• [PROBLEM TO WORK ON]
Transcribe exactly, and without pictures, only the lines from the one bearing "Big with watermark" through the final line of the data below.

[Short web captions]
------------------------------------------------------------
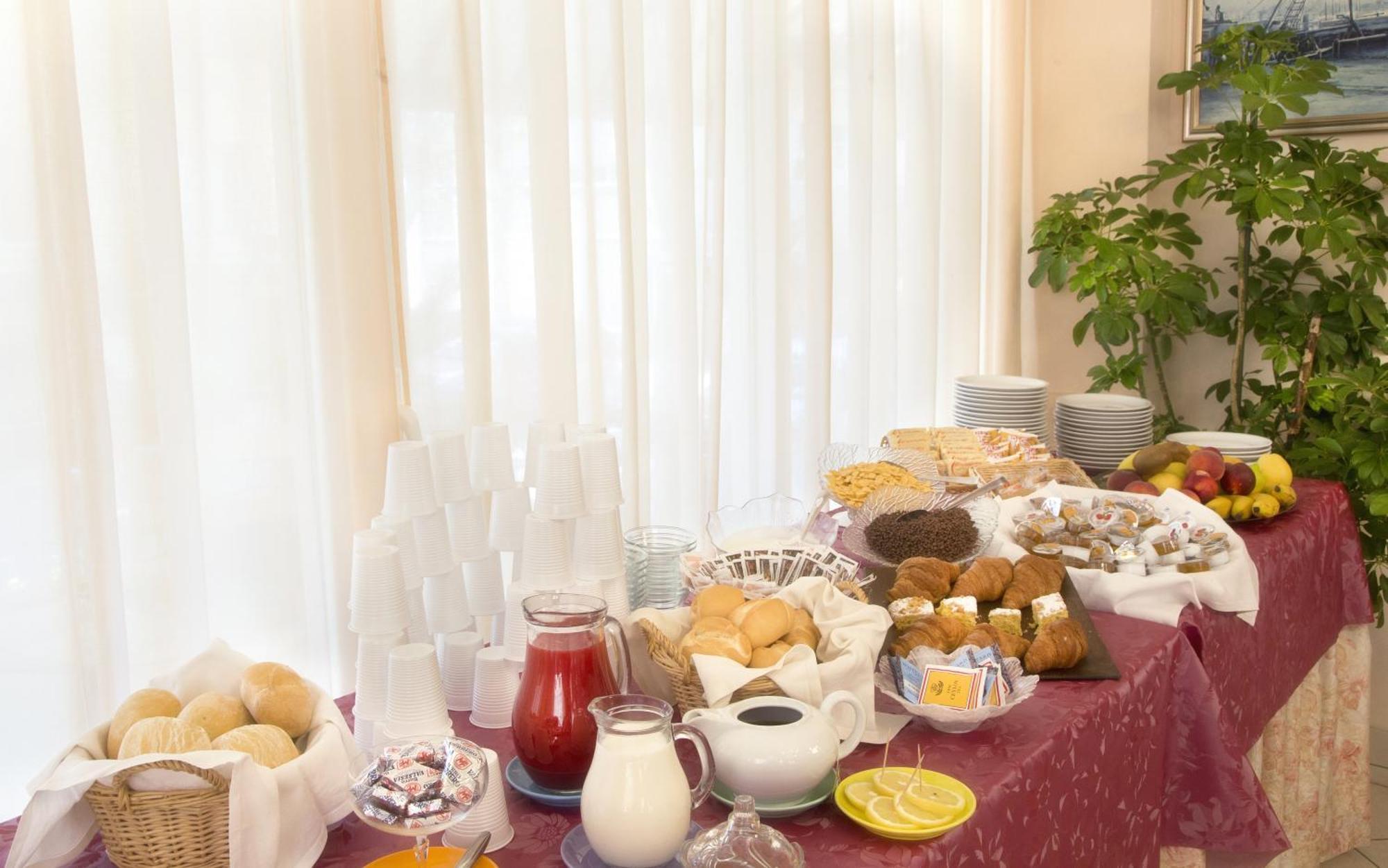 Fior Di Loto - Rimini Hotel ภายนอก รูปภาพ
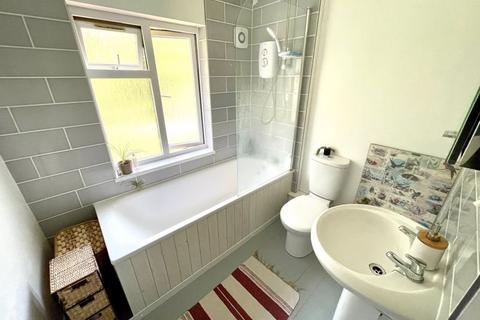 8 Coed Afon, Llangollen, LL20 8LB
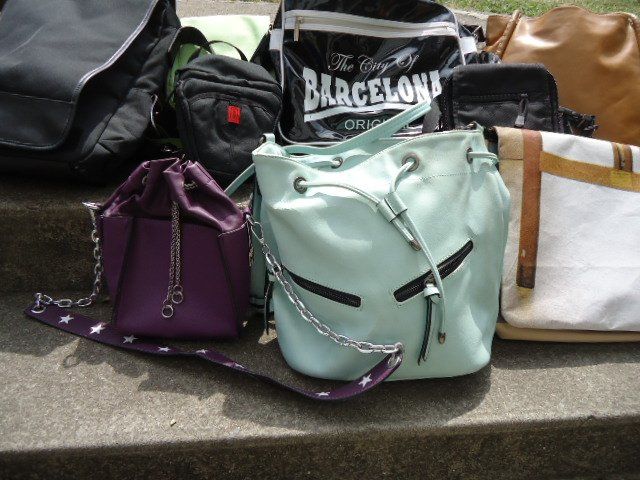 Borse da donna: Taschen paket aus hausräumungen – Usato da Zürich venduto da liquidation-cobra 1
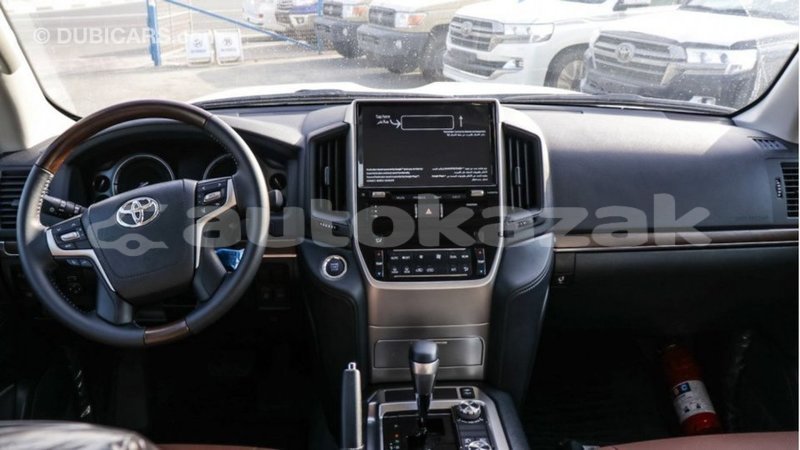 Big with watermark toyota land cruiser akmecet import dubai 2865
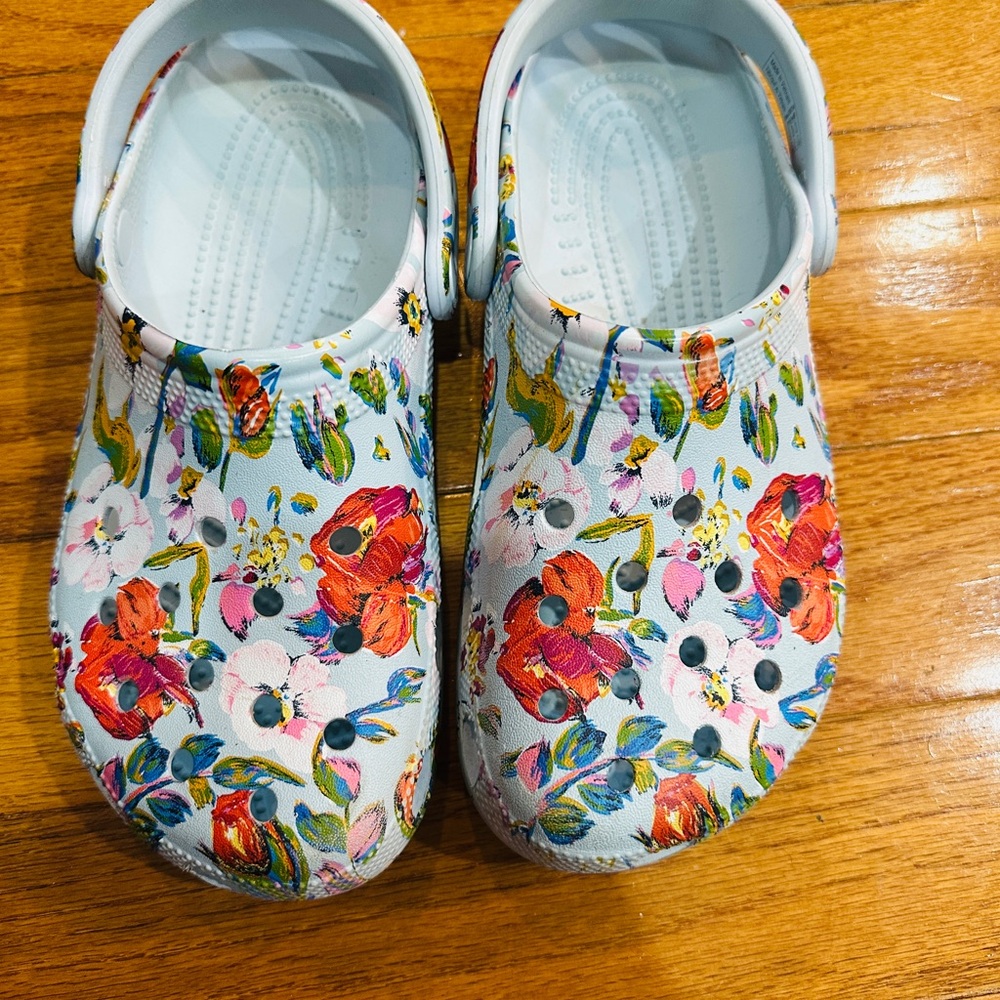 Vera Bradley Crocs
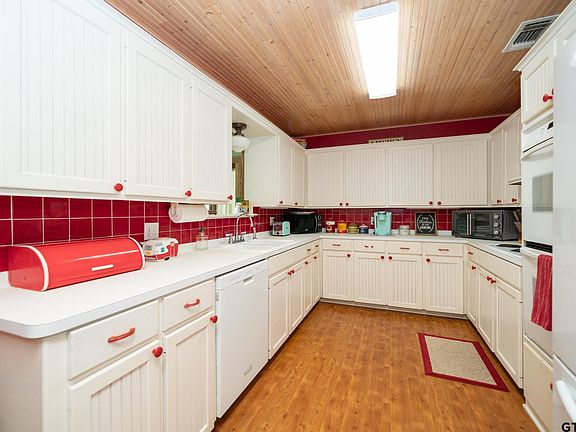 2nd image of 103 Iris Dr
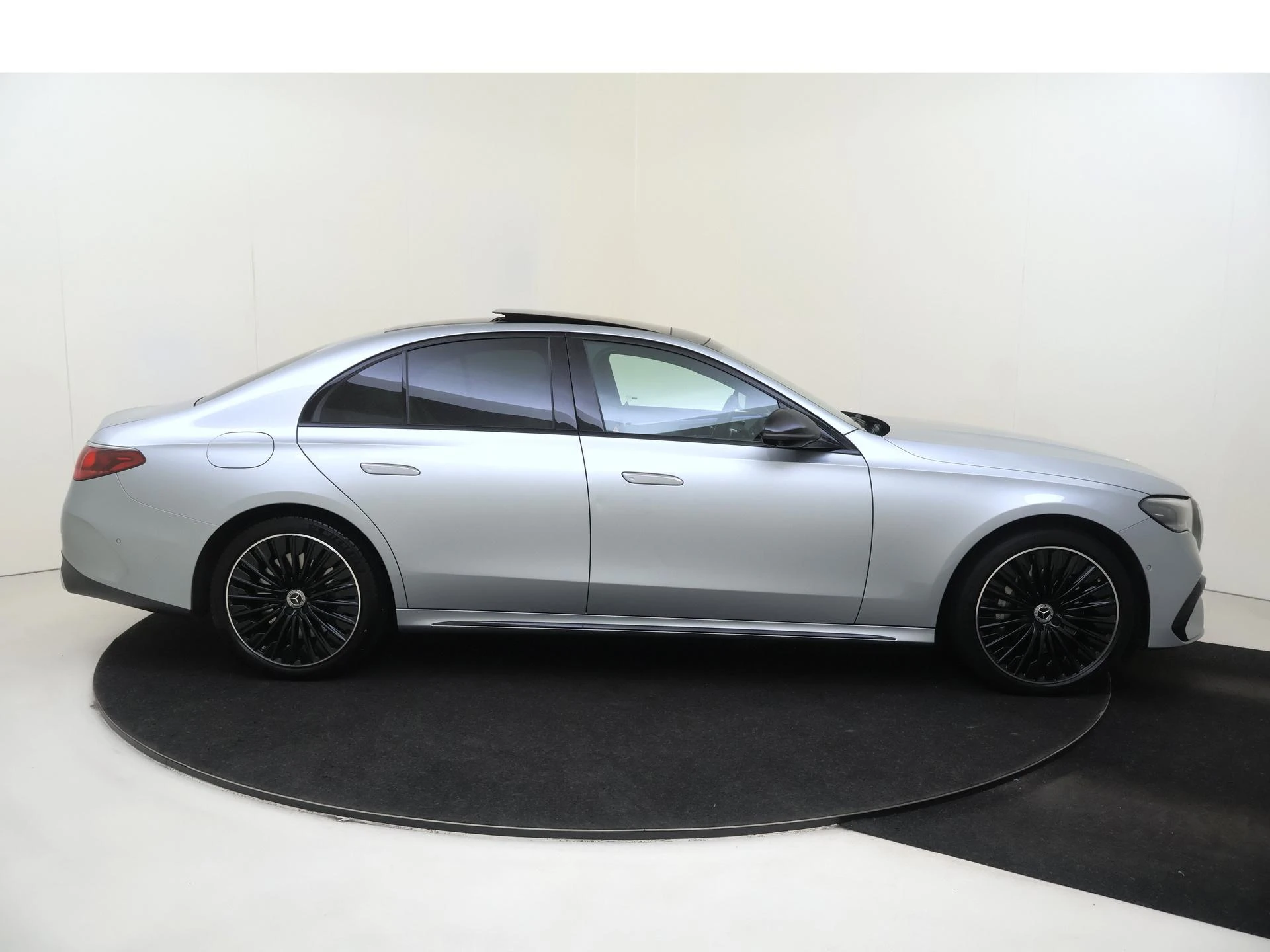 Mercedes-Benz-E-Klasse-image-8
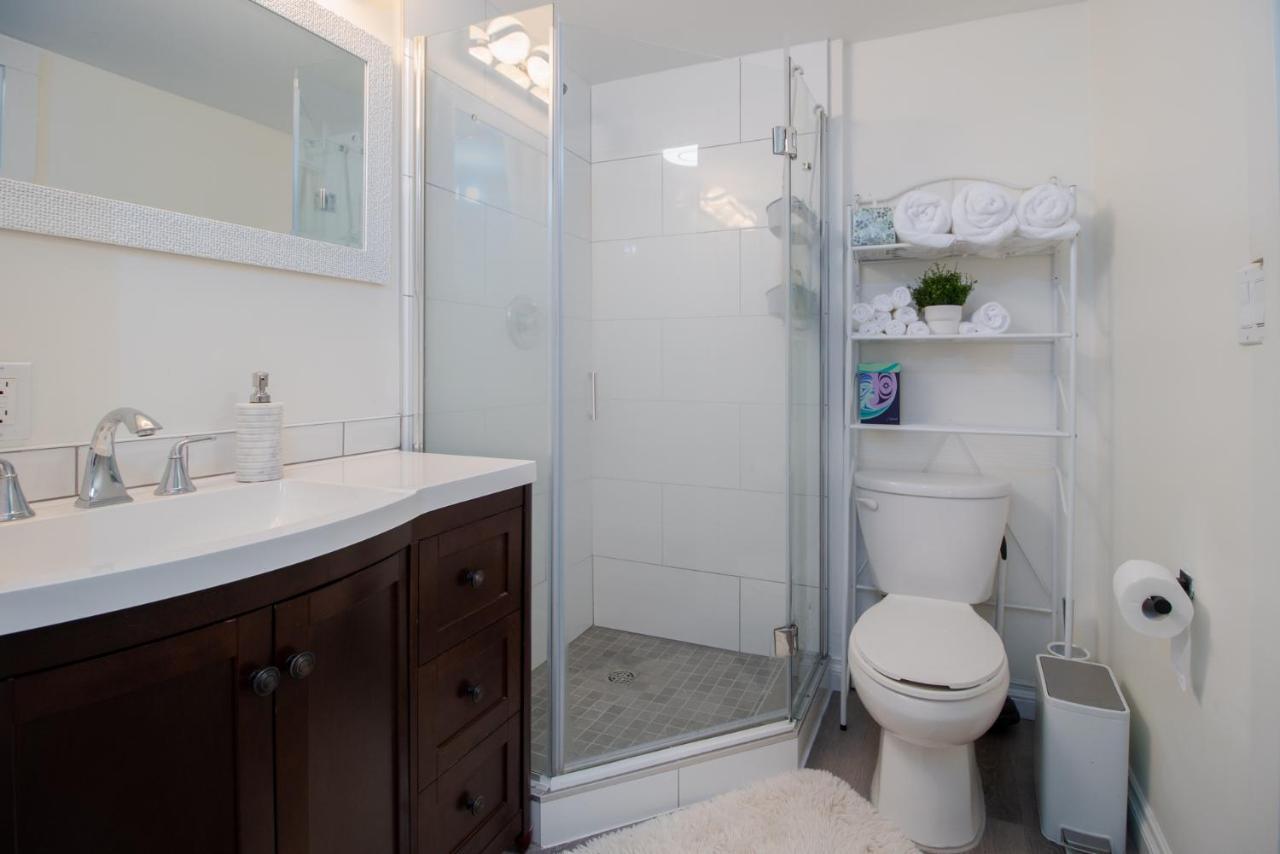 Bright Private Suite Near Departure Bay Beach Нанеймо Екстериор снимка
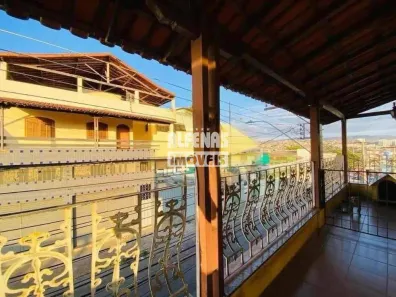 Casa com 3 Quartos à venda, 208m² no Industrial, Contagem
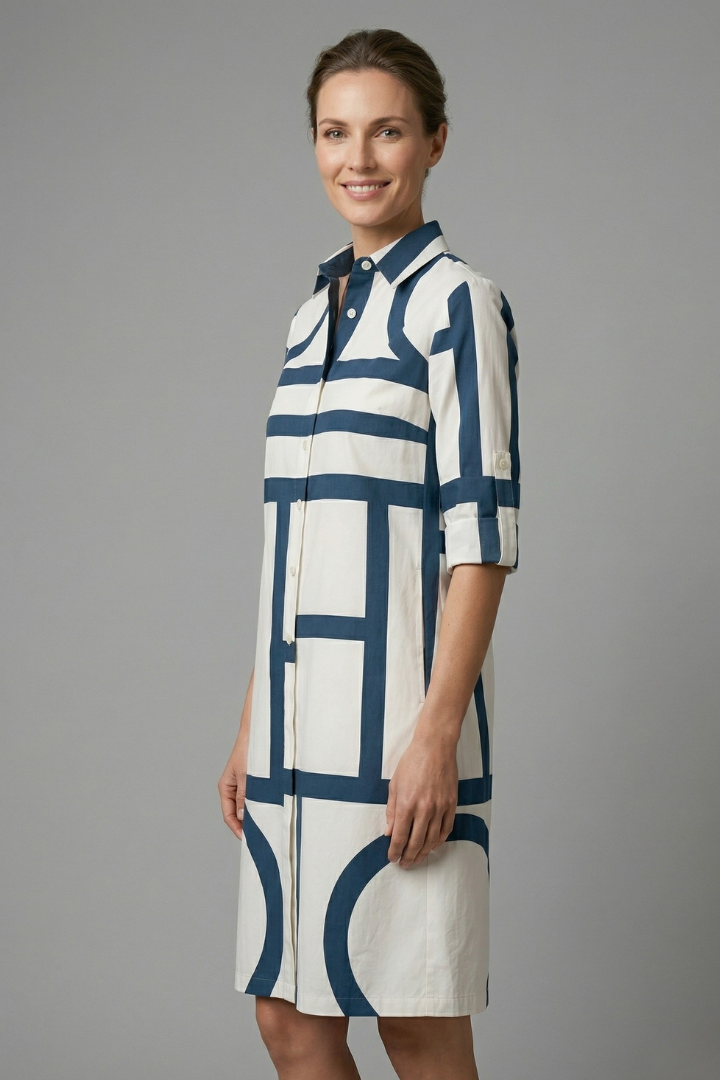Women’s Shirt Dress with Collar and Button Fastening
------------------------------------------------------------
• [PROBLEM SOLUTION]
 Big with watermark toyota land cruiser akmecet import dubai 2865
 Vera Bradley Crocs
 2nd image of 103 Iris Dr
 Mercedes-Benz-E-Klasse-image-8
 Bright Private Suite Near Departure Bay Beach Нанеймо Екстериор снимка
 Casa com 3 Quartos à venda, 208m² no Industrial, Contagem
Women’s Shirt Dress with Collar and Button Fastening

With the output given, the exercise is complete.